The Greenville Standard


The Butler County Commission is seeking to install an elevator in the Butler County Courthouse through a $250,000 Community Block Development Grant (CDBG) which will give handicap accessibility to the bathrooms and the second floor.

The commissioners will meet at the courthouse on Thursday, Nov. 29 at 5 p.m. to discuss various options which could make the long awaited elevator a possibility. The meeting is open to the public and was set at the Tuesday, Nov. 13 regular commission meeting.

During the Nov. 13 work session meeting, the commissioners were presented preliminary architectural plans by Chuck Jones for the modification of the courthouse to provide for an elevator.

Jones is with the architectural firm of Goodwyn, Mills, and Cawood. The grant was obtained through South Central Alabama Development.

After discussion by the commissioners of the original plan, they decided to have a second meeting to discuss alternatives.

The entire project is expected to cost $450,000. The county will use money from a bond re-issuance to make-up any difference the grant does not cover.

At the work session the commission also discussed moving Old Greenville PD/Baptist Hill Kindergarten building voting precinct to the American Legion Building located near the Butler County Fairground.

At the regular business meeting on Nov. 13 the commission approved a resolution honoring State Senator Hank Sanders. District 4 Commissioner Allin Whittle read the resolution.
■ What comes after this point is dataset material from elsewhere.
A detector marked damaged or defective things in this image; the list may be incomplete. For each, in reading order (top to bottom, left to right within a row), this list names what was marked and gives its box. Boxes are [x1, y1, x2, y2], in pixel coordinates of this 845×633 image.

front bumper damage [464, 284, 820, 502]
The commission also acknowledged a 10-year tax abatement granted by the City of Greenville for Hwashin America Corporation-Capital Investment for new manufacturing machinery valued at $26,318,000. The investment is projected to add 50 new jobs for the county.

In addition, the commission received the Butler County Correctional Facility (BCFF) Report. The commissioners noted past reports that were clean, but they should not have been. There had been a problem with the hot water heaters since March.
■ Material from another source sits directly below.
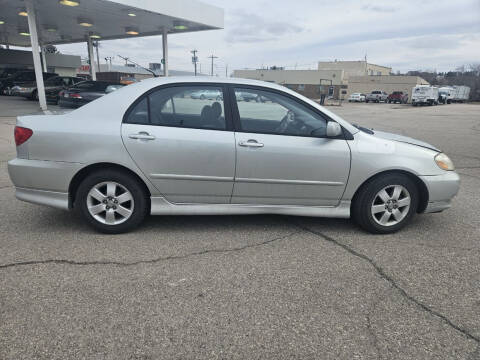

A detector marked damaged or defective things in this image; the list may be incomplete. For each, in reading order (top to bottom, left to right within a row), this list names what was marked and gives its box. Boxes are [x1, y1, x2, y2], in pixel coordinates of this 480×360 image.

cracked asphalt [0, 99, 478, 360]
The commissioners gave Chairman Darrell Sanders the authority to move forward with an emergency contract for fixing the hot water heaters. Butler County Attorney Calvin Poole stated under rules and regulations concerning bid laws for emergencies in the State of Alabama the county did not have to bid out the contract work to replace the water heaters.
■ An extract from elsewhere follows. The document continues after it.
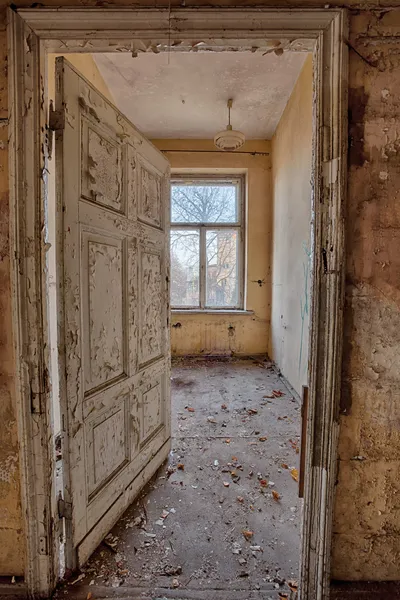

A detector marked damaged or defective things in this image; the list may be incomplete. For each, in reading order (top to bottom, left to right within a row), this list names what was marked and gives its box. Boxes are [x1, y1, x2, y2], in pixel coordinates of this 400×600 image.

peeling white paint on door [54, 59, 170, 568]
peeling paint wall [152, 141, 272, 356]
peeling paint wall [268, 55, 312, 394]
peeling paint wall [332, 10, 400, 580]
The next day, Wednesday, Nov. 14, Butler County Sheriff Kenny Harden had to transfer approximately 60 inmates to facilities in Lowndes, Covington, Conecuh, Crenshaw and Wilcox counties due to a lack of hot water.

They also transported five inmates to the Alabama Department of Corrections (ADOC) a few days early. Those inmates were already slated to be transferred to the ADOC.

Harden stated he obtained approval from the commission to contract with a company from Montgomery to replace the hot water heaters and was able to transfer all the inmates back to the BCCF by Wednesday of the following week. He also thanked the surrounding counties for their help.

The next item of business for the commission was the Emergency Management Agency (EMA) Director, Kris Ware, report for Homeland Security Grants totaling $168,186.

Details of the report include: EMA will receive $33,782 for a mass notification system; the Butler County Road Department will receive $25,750 for a surveillance system; Shackleville Volunteer Fire Department will receive $19,590 for communication radios; the Georgiana Police Department will receive $39,831 for communication radios; and the Greenville Police Department will receive $49,233 for communication radios.

The next item of business on the agenda for the commission was the Butler County Engineer’s report. County engineer Dennis McCall sought and received authorization to seek bids for the road department surveillance system and to also seek financing quotes for a boom axe mower valued at $175,422.

McCall also updated the commission on the last A-TRIP paving project to occur in the next few months for the county. The project will repave County Road 7 from Alabama Highway 10 to the Wilcox County line. The length is approximately 9.385 miles and will cost approximately $12,500,000 to complete.

With receipt of McCall’s report the commission approved to pay bills and adjourned.